Run away screaming? Or maybe you fight?
Reason and logic will only incite it.

You can cover your ears or run up a tree,
But the best thing to do is . . . (n.p.)

Adults (the intended audience), however, found the piece immature and indicative of sore “losers.” Kayla Welch commented on the New York Times article on November 7, 2017:

This book is the perfect example of why our country – namely the left – is so immature. I’m a libertarian, I voted as such, and yet I cannot understand this immaturity from people who have the right to vote.

Your side lost, so did mine. Grow up and please do not instill such immaturity in your child. . .

Another commenter, Jason Powell, responded on November 6, 2017 by saying “Written by the haters for the losers. Don’t read this to your kid if you want the child to be an achiever.” The comments these adults make point to several issues, but the question of the child audience is probably easier to consider in such a short discussion. How does one determine the criteria for a child audience? What are the criteria for children’s literature as a genre? Certainly, this text could entertain a child as well as Little Red Riding Hood.

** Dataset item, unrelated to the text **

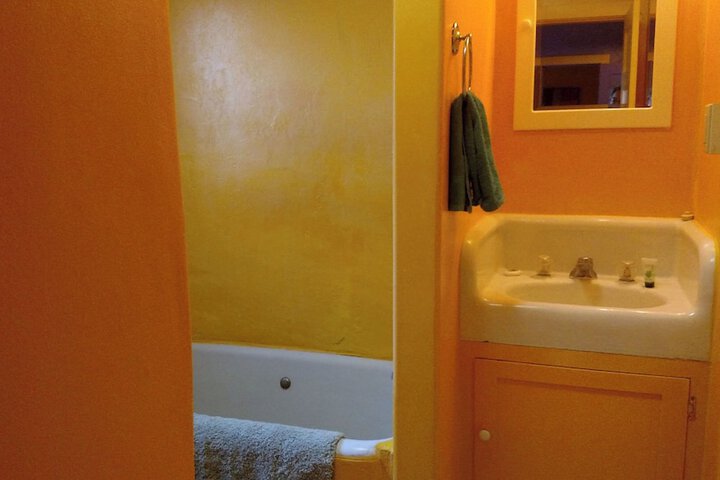 Room 199 of 286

Children know the difference between right and wrong. They know the difference between moral and immoral. In a CNN video published to YouTube on March 4, 2016, some confident children respond to news clips of the “Americus Trumpus.” When Trump complains that a million-dollar loan from his father was not very much, one young person responds mockingly: “It hasn’t been easy for me, but I’m filthy rich.” Another young person responds to Trumps comment about Rosie O’Donnell by saying, “If he’s going to be rude to ladies, he shouldn’t be a president.” Is it not possible, then, that children can handle discussions about complex topics in the literature written for them?

(KT)



Works Cited

Black, Michael Ian, and Marc Rosenthal. A Child's First Book of Trump. First ed., 2016.
"Children react to Donald Trump." https://youtu.be/3DcDdHdImM4. CNN. 4 March 2016.
Clark, Dorothy., and Linda C. Salem. Frontiers in American Children's Literature. 1st unabridged. ed., Cambridge Scholars Publishing, 2016.
Hursh, John. "Exploring Civil Society Through the Writings of Dr. Seuss: International Law, Armed Conflict, and the Construction of Otherness: A Critical Reading of Dr. Seuss's The Butter Battle Book and a Renewed Call for Global Citizenship." New York Law School Law Review, 58, 617 2013 / 2014. https://advance-lexis-com.libproxy.sdsu.edu/api/document?collection=analytical-materials&id=urn:contentItem:5CFF-JJ30-00CV-20HP-00000-00&context=1516831. Accessed December 9, 2018.
Seuss. The Butter Battle Book. Random House, 1984.